L’enchanteur et illustrissime gâteau café-café d’Irina Sasson – Joëlle Tiano

Un  régal, un délice, une gourmandise  ce petit livre où les mots dégoulinent comme les notes d’un nocturne de Chopin, ou les phrases coulent comme le grand fleuve tranquille derrière la maison et qui sent bon les grains de cannelle qu’Irina met avec parcimonie et amour dans son fameux gâteau  qui a accompagné toutes les étapes importantes de sa longue vie qu’elle se raconte, la centaine, venue. « C’est à son entrée à San Joao-San Antao qu’Irina prit l’habitude de chaque jour traduire de petites phrases dans les langues de sa destinée pour l’amener à parler. De se réciter des poésies  à haute voix. Pour s’entretenir. Elle finissait toujours par la recette du gâteau café-café. » Le gâteau de sa vie, celui qu’elle fit  dans tous les moments de bonheur et de malheur qu’elle connut au cours de sa longue existence là-bas dans un lointain pays d’Amérique du Sud, loin de ses parents vivant à Paris puis envoyés là-bas vers l’Est pour un voyage dont bien peu sont revenus.

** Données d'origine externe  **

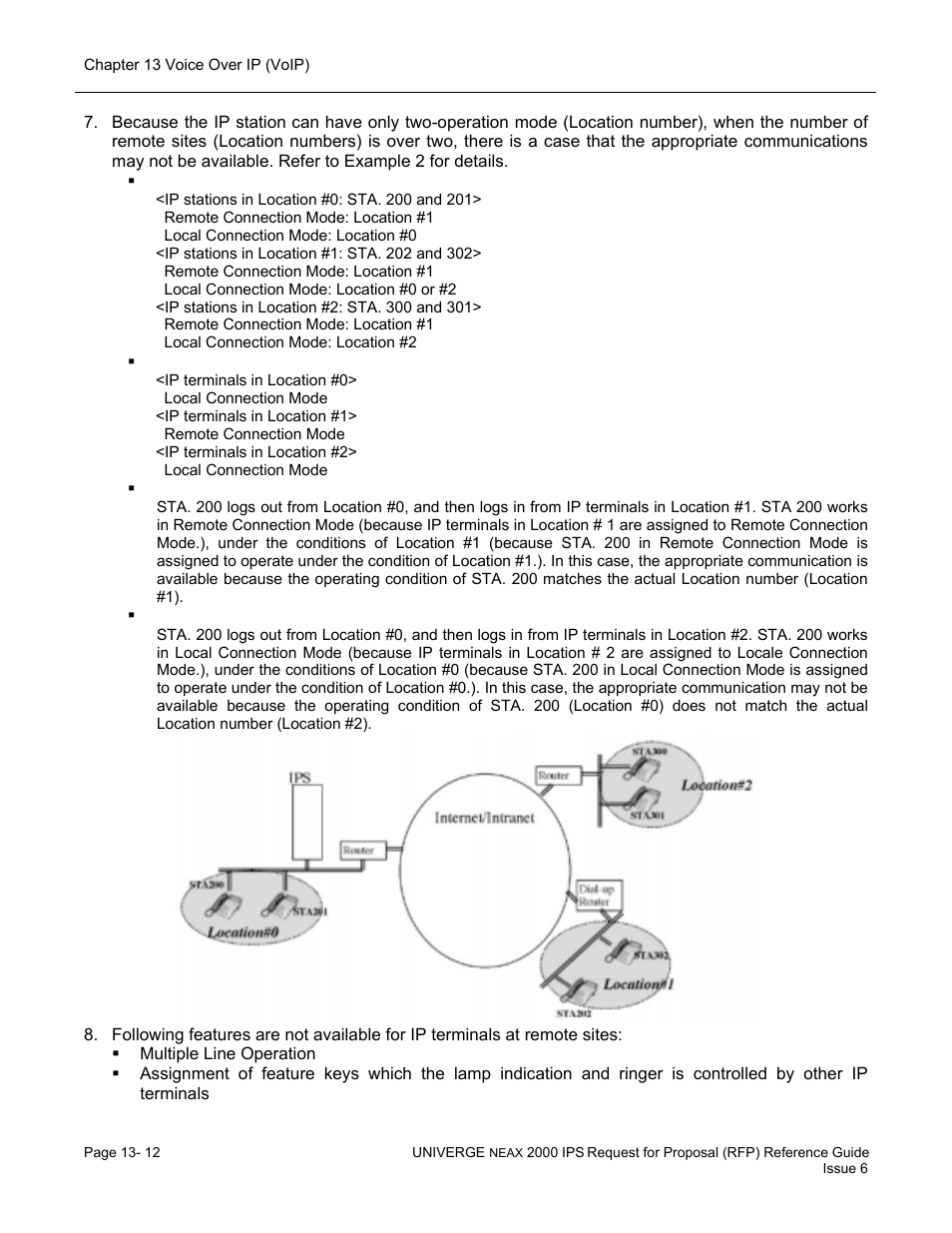 NEC UNIVERGE NEAX 2000 IPS User Manual | Page 254 / 389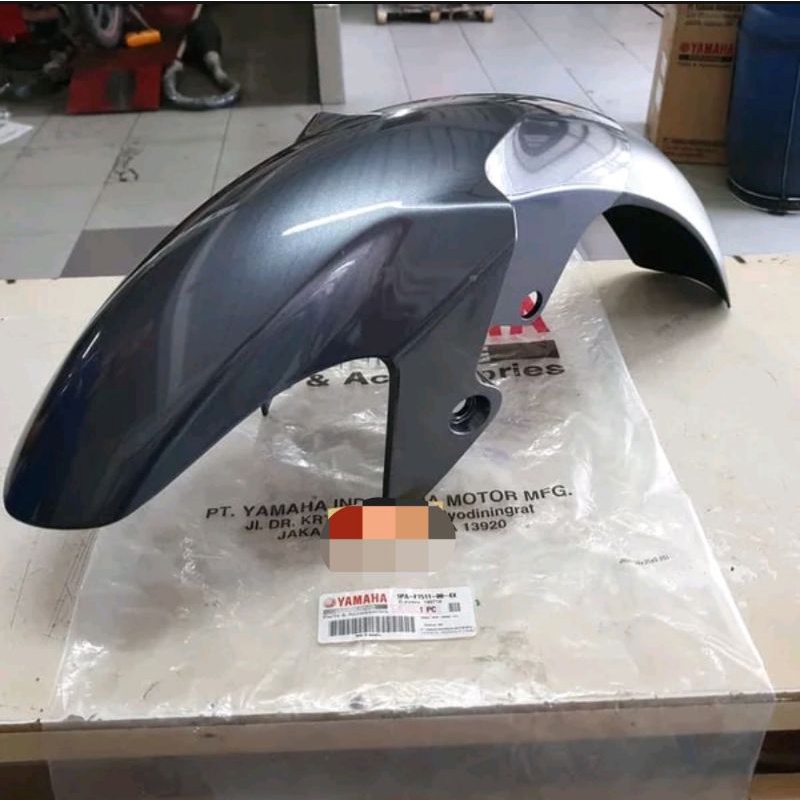 spakbor depan VIXION new NVL atau NVA ABU ABU ori ygp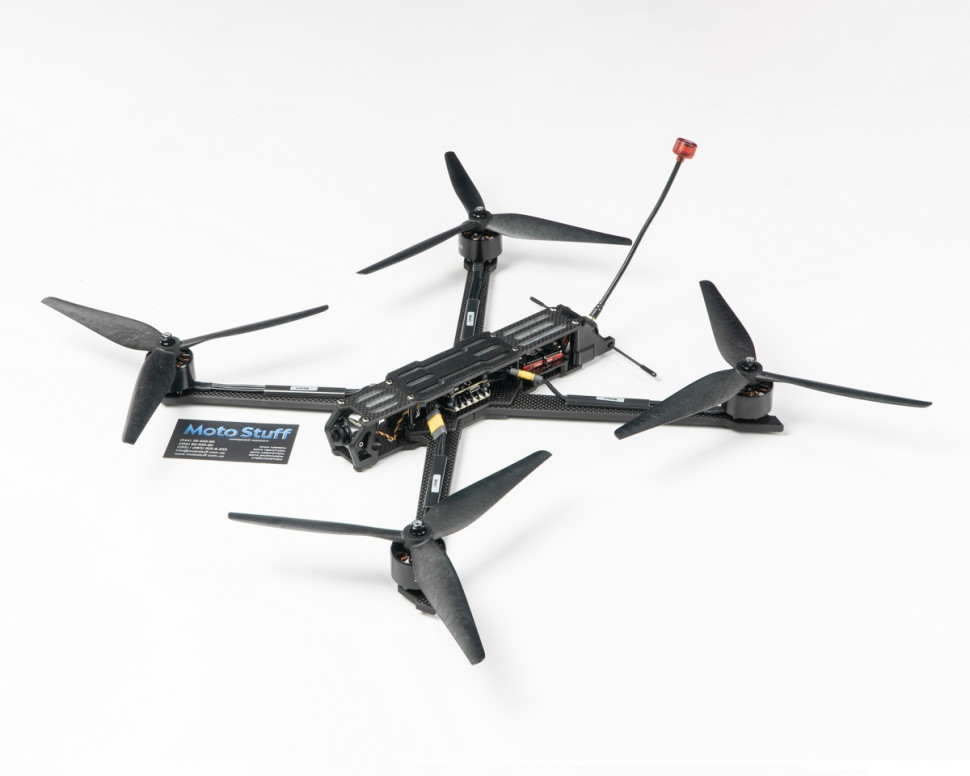 FPV Квадрокоптер Dronesky 10" дюймов 5.8G 1.6W ELRS 915MHz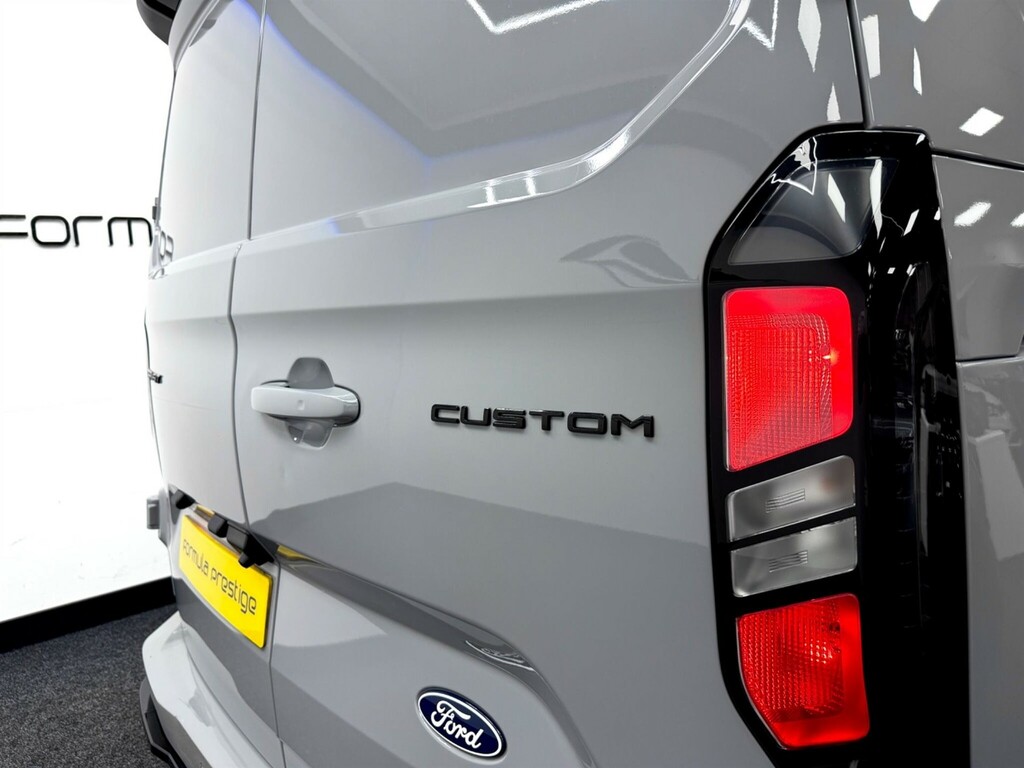 Ford Transit Custom 320 Ecoblue Sport 170 Bhp L2 Lwb Grey Matte Grey #16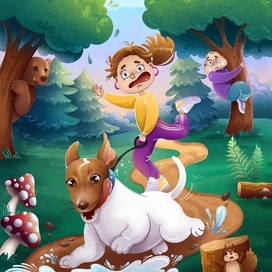 Чумачечая собачка Дэнни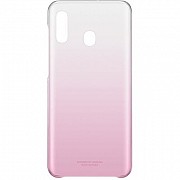 Чехол для моб. телефона Samsung Galaxy A20 (A205F) Gradation Cover Pink (EF-AA205CPEGRU) Киев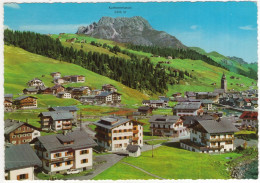 6764 Lech Am Arlberg, 1450-1760 M ü M. - Höhenluftkurort - (Österreich/Austria) - Lech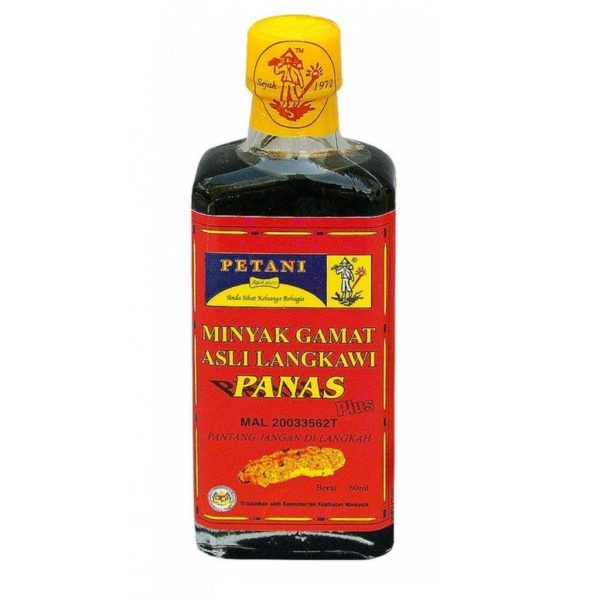 Petani Minyak Gamat Panas x 60ml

Ce livre est écrit à deux voix, celle du narrateur et celle d’Irina, où se mêle, parfois, une troisième celle de Susan sa petite-fille venue à son chevet pour accomplir le geste en forme de rite qui bouclera la vie de cette petite femme à la forte personnalité qui forgea son bonheur dans l’exil malgré des conditions peu propices. « Aux yeux d’Adriano je n’existe, je crois, qu’à travers les rôles et les fonctions qu’il m’a dévolus : sa femme, la bru de sa mère, la belle-sœur de ses frères, la maîtresse de sa maison – en second, après sa mère vieillissante -,la gardienne de sa demeure, la mère de ses fils à venir et puis, pour les employés de la Compagnie, l’épouse de l’un des directeurs. ». Irina chante avec une grande sensualité les plaisirs de la vie simple avec ses goûts, ses odeurs, ses images et sa musique mais aussi ses contraintes et ses malheurs : la place de la femme, l’exil, la maladie, la guerre, la déportation, … Mais «  Jusqu’où iras-tu comme ça ?… – Jusqu’où tu m’aimeras. » pour que l’amour toujours triomphe et que la vie soit transmise à travers à travers la recette du fameux gâteau café-café.

Ce livre est une véritable friandise car ce gâteau c’est ma madeleine à moi, ma mère le faisait aussi, et je l’ai senti et mangé au détour de chaque page mélangeant goulument littérature et gourmandise.